> [MATERIAL FOR THIS EXERCISE]:
◆ ◆ ◆

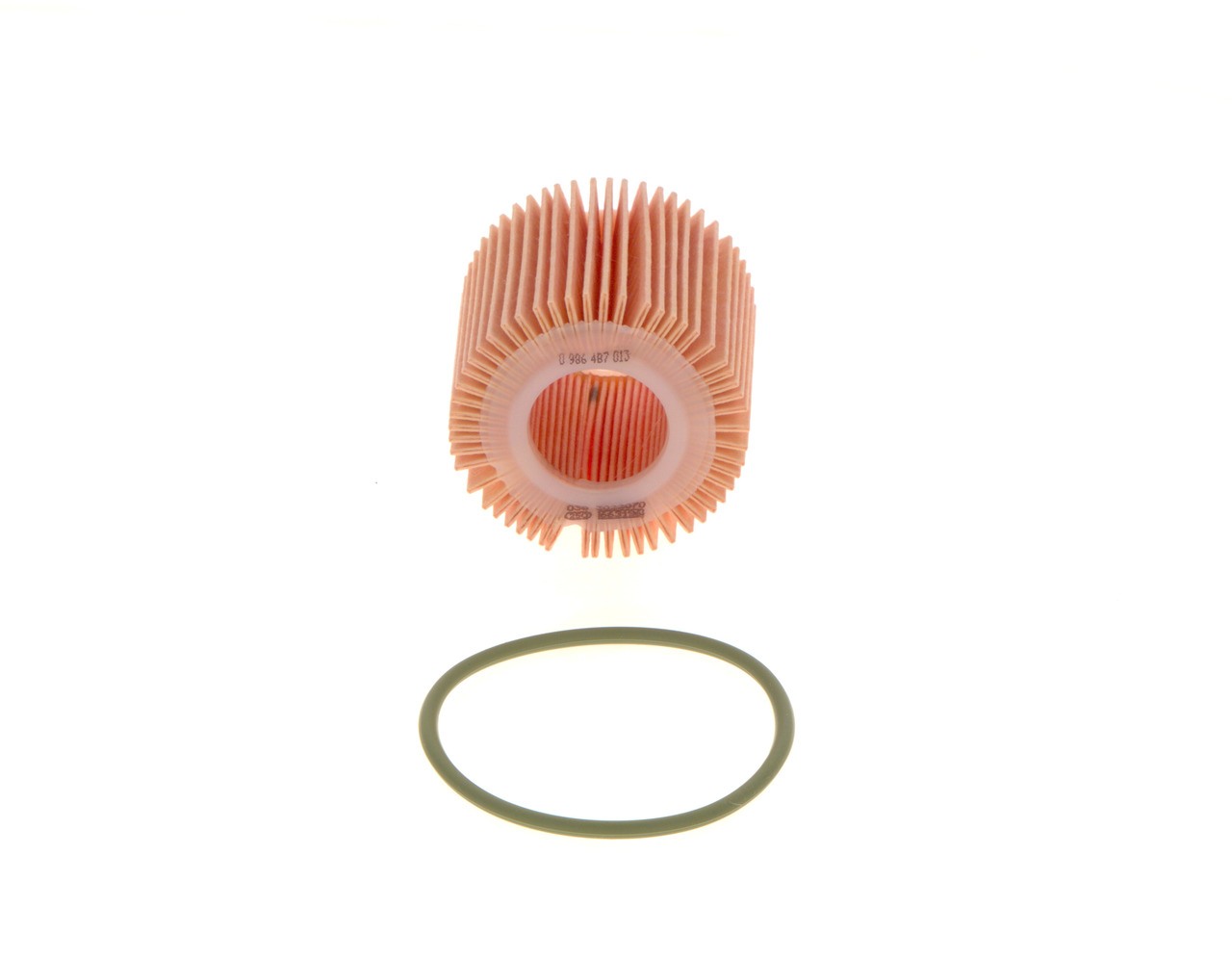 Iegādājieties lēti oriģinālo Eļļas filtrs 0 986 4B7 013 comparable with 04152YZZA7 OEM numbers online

◆ ◆ ◆

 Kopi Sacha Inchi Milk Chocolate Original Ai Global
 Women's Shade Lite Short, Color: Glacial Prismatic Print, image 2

◆ ◆ ◆

> [EXERCISE DETAILS]:
Would you quote everything above from the line containing "Kopi Sacha Inchi" down to the line containing "Women's Shade Lite"? Include both of those lines and nothing else.

> [FINISHED TASK]:
 Kopi Sacha Inchi Milk Chocolate Original Ai Global
 Women's Shade Lite Short, Color: Glacial Prismatic Print, image 2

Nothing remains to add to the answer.